Wednesday, May 02, 2007

further notes

On Garbage, John Scanlan, from pg. 36-37:

And so we may suggest that garbage provides a shadow history of modern life where the conditions for its production and the means by which it is rendered invisible cast it as an unwelcome double of the person; the uncanny and spectral presence that only in death recombines with the body to realize fully the modern hope of self-identity. An identity that fingers us as merely matter. Perhaps the most adequate theoretical conceptualization of garbage is to be found in the notion of the uncanny. If garbage is the unwelcome shadow that trails the present (its deformed or spectral double) then we may recognize it in Freud's understanding of the uncanny as the eerily familiar object, image or phantom that continually resists any of our attempts to disconnect from it - it is the remainder as unwelcome presence. 'In reality', Freud remarked, the uncanny is 'nothing new or alien, but something which is familiar and old - established in the mind and which has become alienated from it only through the process of repression.' Uncanny garbage then becomes capable of inducing horror because of the presumed harmful effects it has on the bodies of personal and social order, indicating their fragile and transient nature.

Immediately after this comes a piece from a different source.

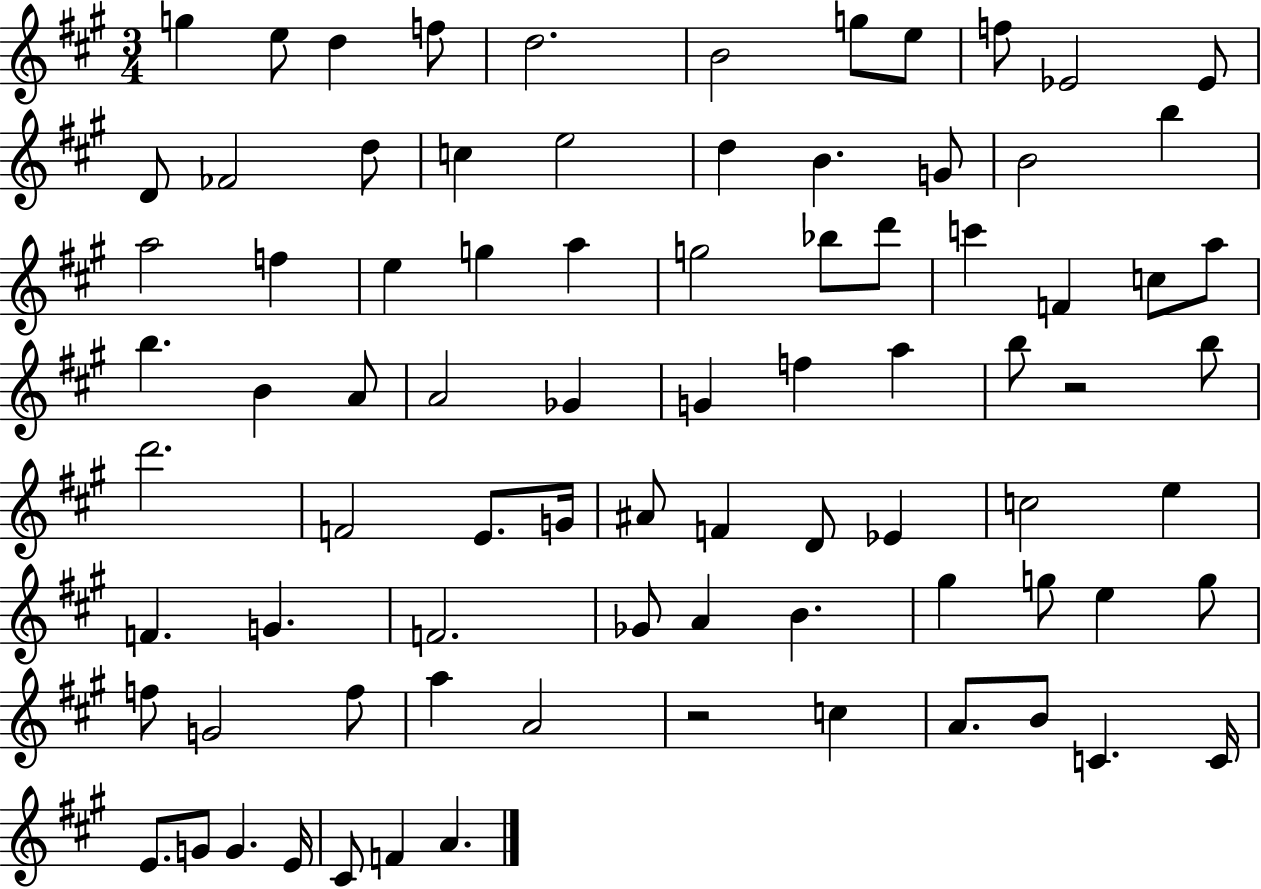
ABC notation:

If garbage in all its forms can be said to represent nature (including human existence) as an endless process of generation and decay, then this is only exaggerated by the fact that knowledge and reason involve a separation of the human from the natural. This is the result of our technological adaptability - where 'technology' is understood in its Aristotelian sense of techne - meaning both that which is distinct from the totality of nature (phusis), and nature made in the human image (as Heidegger wrote, technology is the ordering of nature for use). This separation undergoes further refinement throughout the development of modernity, which from the medieval privy to the division of labour and the development of an economy of consumption illustrates a trend towards successive separations that lead to further differentiation at the individual level, which at the same time (and through the network of social associations that sustain life) results in an almost total abstraction from reality. As an aspect of the progress of Western individualism, what begins with the rationalization and privatization of excremental waste ends in the ubiquity of fashion - both the water closet and the fashion boutique thrive on the power of disposal to abolish the past, and to clense, empty and adorn the present. Thus, where the modern haousehold toilet expels the dead matter that exits from the body stripped of its positive, life giving, properties, the machinery of fashion symbolically flushes the past. Like everything else in modern society fashion is established on the basis of a strict organization of time and the fashionable lives only by the sell-by date (which is to say, once again, its death is already anticipated.)

Tuesday, May 01, 2007

More notes from On Garbage by John Scanlan

From "Garbage Metaphorics" pg. 35:

A peculiar way of looking at modernity might see it as a kind of figment of the transcendental imagination; as Matei Calinescu says, a heaven that is not otherworldly, but located at some distant, sunspecified, point in the future. Thus:

Utopian imagination as it has developed since the eighteenth century is one more proof of the modern devaluation of the past and the growing importance of the future. Utopianism, however, would hardly be conceived outside the specific time consciousness of the West, as it was shaped by Christianity and subsequently by reason's appropriation of the concept of irreversible time.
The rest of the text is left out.